Николай Аполлонович, теперь внимательно слушавший, сказал с какою-то… почти злобою:
— «Ну, а толпам-то, Александр Иванович, вы, надеюсь, пока о своих мечтаньях ни слова?..»
— «Разумеется, пока промолчу».
— «Так значит вы лжете; извините, но суть не в словах: вы все-таки лжете и лжете раз навсегда».
Незнакомец посмотрел изумленно и продолжал довольно-таки некстати:
— «Я пока все читаю и думаю: и все это исключительно для себя одного: от того-то я и читаю Григория Нисского».
Наступило молчание. Опрокинувши новую рюмку, из-под облака табачного дыма незнакомец выглядывал победителем; разумеется, он все время курил. Молчание прервал Николай Аполлонович.
— «Ну, а по возвращении из Якутской области?»

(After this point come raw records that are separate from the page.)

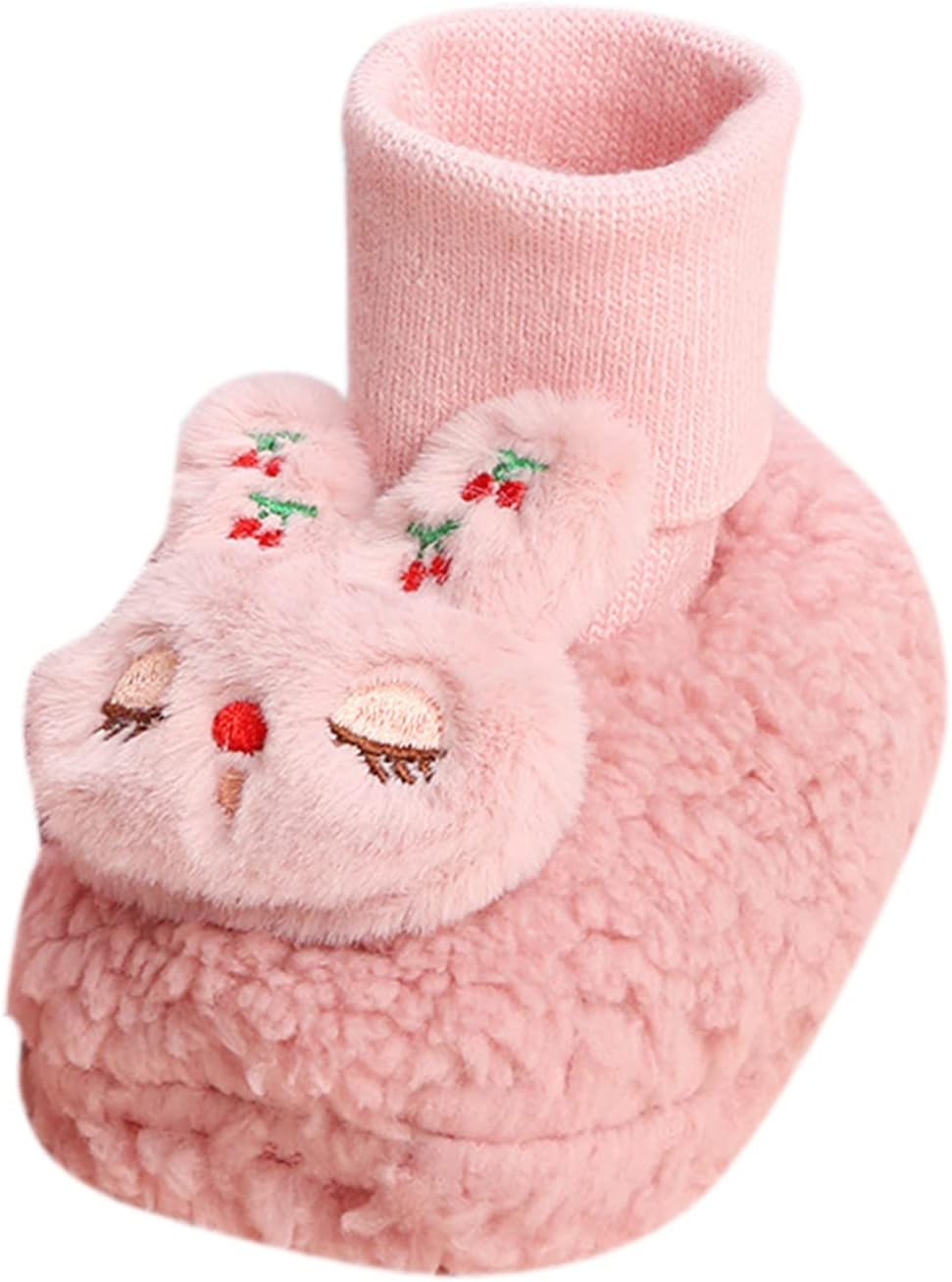 Детские вязаные пинетки-носки, сапожки для мальчиков и девочек, теплые зимние ботиночки, мягкая подошва, нескользящие, для новорожденных Generic, A
Детские вязаные пинетки-носки, сапожки для мальчиков и девочек, теплые зимние ботиночки, мягкая подошва, нескользящие, для новорожденных Generic, A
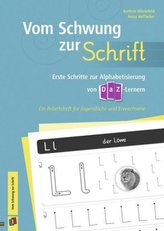 Vom Schwung zur Schrift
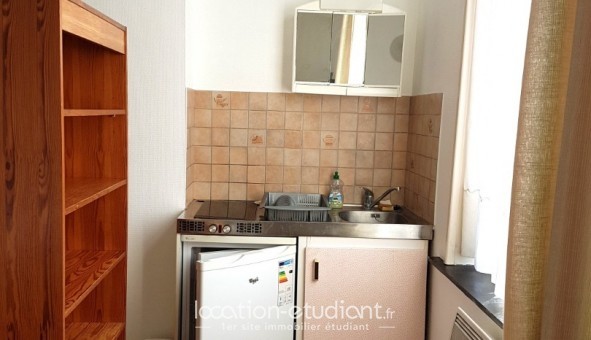 Logement tudiant T2 à Lambersart (59130)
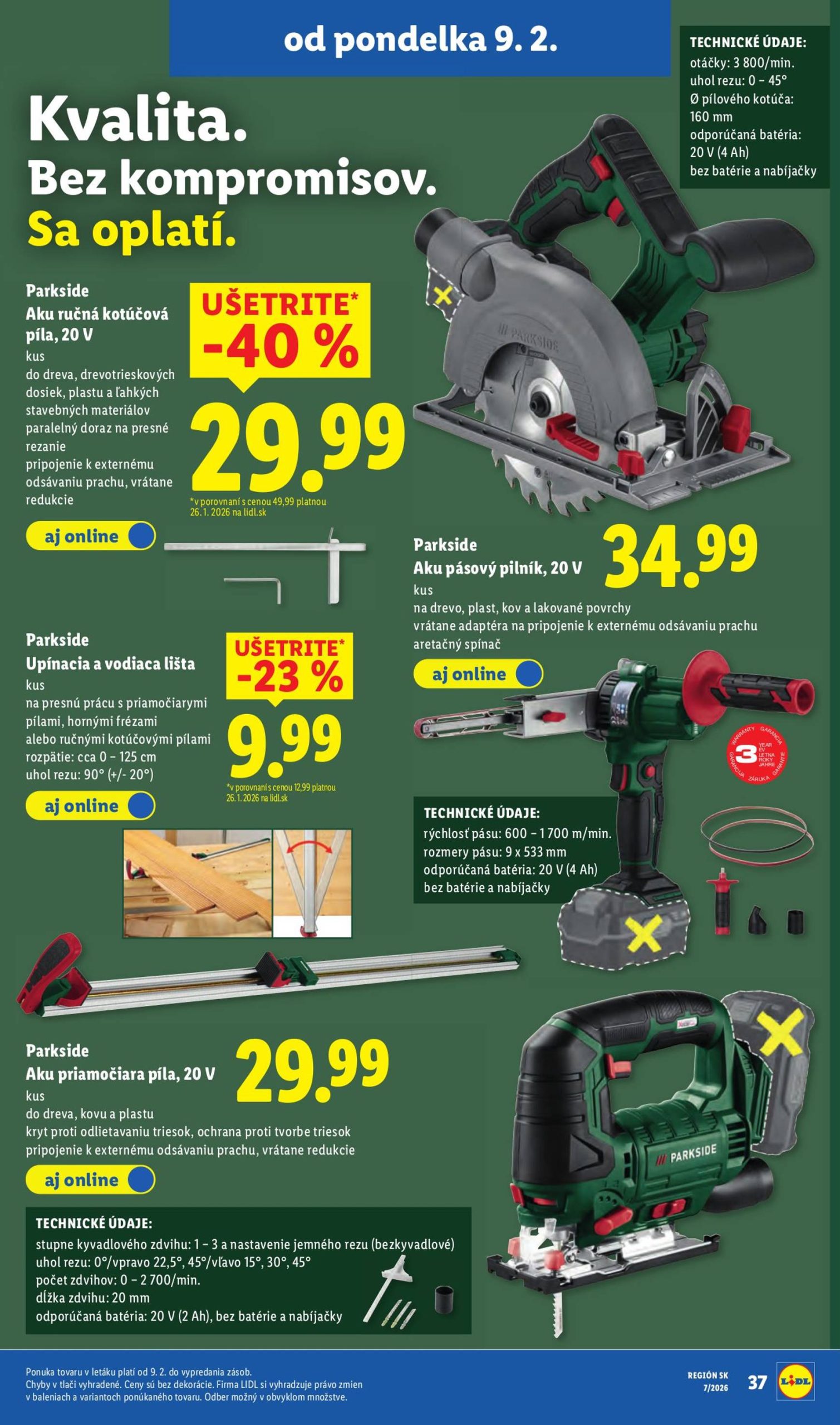 Page 95 of Aktuálny lidl leták platný od štvrtka 12.02 do 15.02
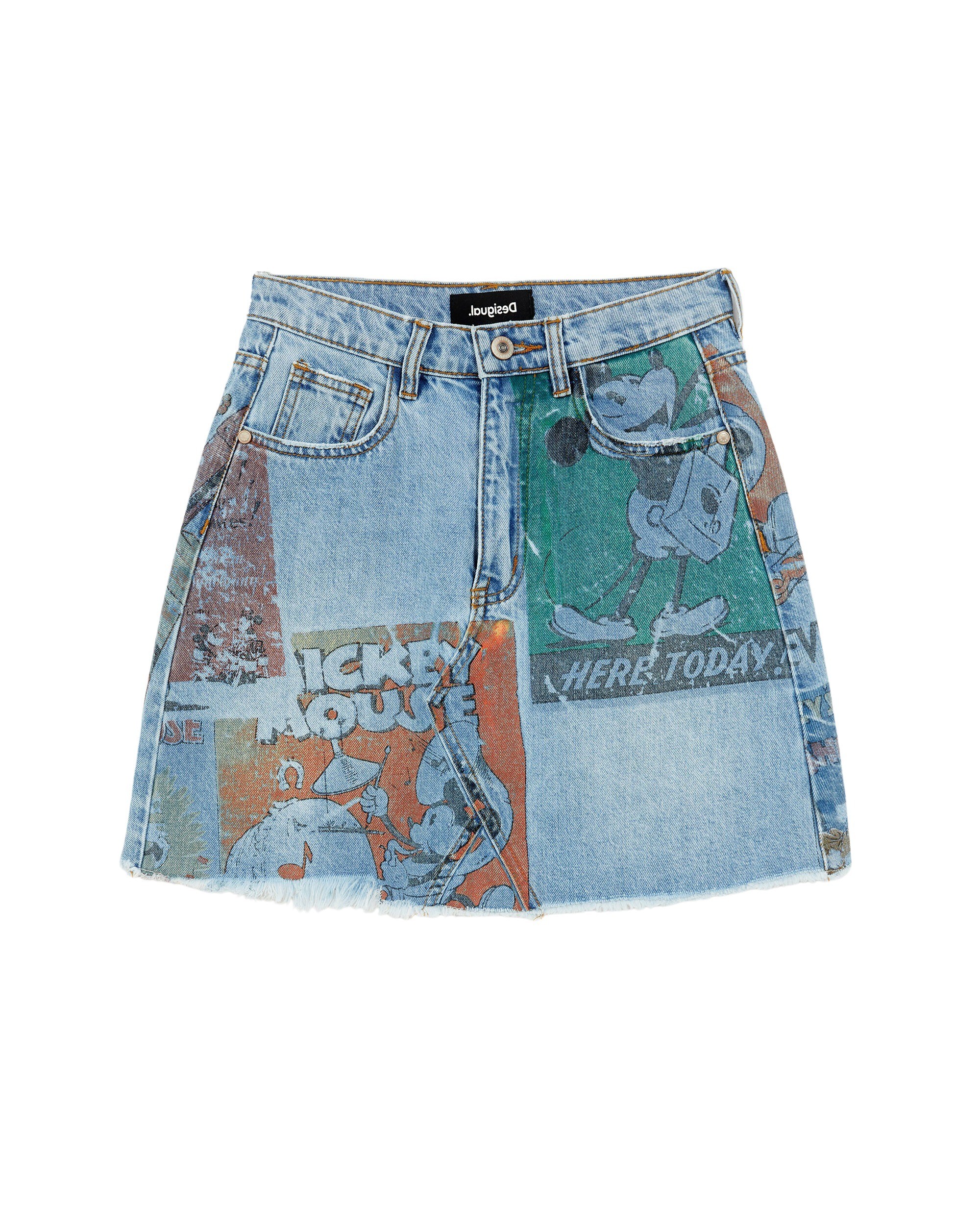 Desigual Skirt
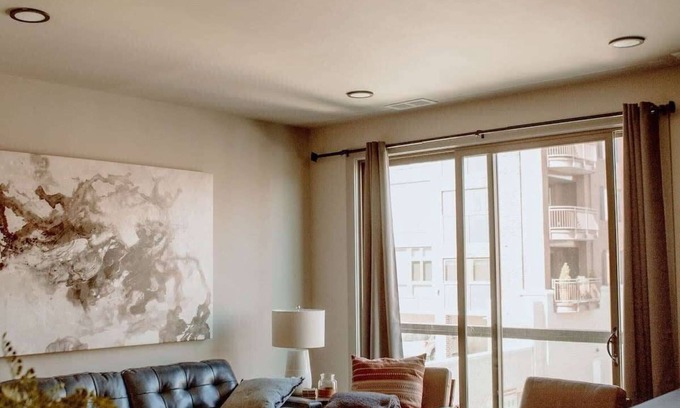 Traverse City Condo | Modern State 209 Just Blocks Away From The Bay!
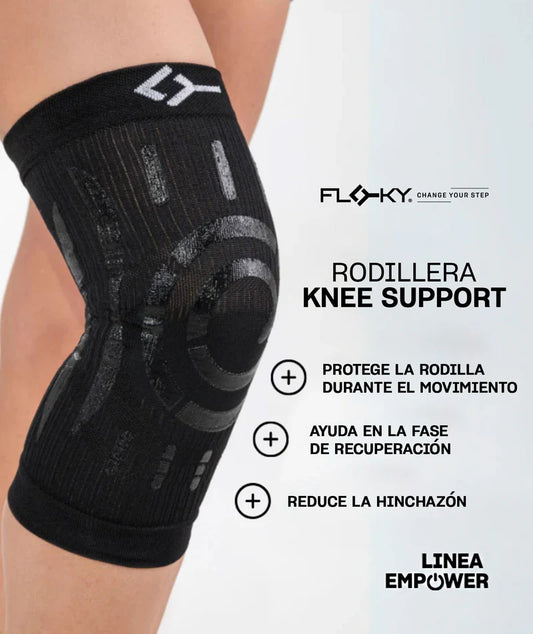 Rodillera KNEE Support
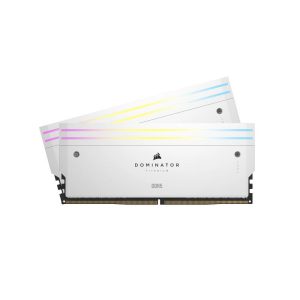 Corsair Dominator Titanium CMP32GX5M2B6000C30W module de mémoire 32 Go 2 x 16 Go DDR5 6000 MHz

— «Из Якутской области я удачно бежал; меня вывезли в бочке из-под капусты; и теперь я есмь то, что я есмь: деятель из подполья; только не думайте, чтобы я действовал во имя социальных утопий или во имя вашего железнодорожного мышления: категории ваши напоминают мне рельсы, а жизнь ваша — летящий на рельсах вагон: в ту пору я был отчаянным ницшеанцем. Мы все ницшеанцы: ведь и вы — инженер вашей железнодорожной линии, творец схемы — и вы ницшеанец; только вы в этом никогда не признаетесь. Ну так вот: для нас, ницшеанцев, агитационно настроенная и волнуемая социальными инстинктами масса (как сказали бы вы) превращается в исполнительный аппарат (тоже ваше инженерное выражение), где люди (даже такие, как вы) — клавиатура, на которой пальцы пьяниста (заметьте: это выражение мое) летают свободно, преодолевая трудность для трудности; и пока какой-нибудь партерный слюнтяй под концертной эстрадой внимает божественным звукам Бетховена, для артиста да и для Бетховена — суть не в звуках, а в каком-нибудь септаккорде. Ведь вы знаете что такое септаккорд? Таковы-то мы все».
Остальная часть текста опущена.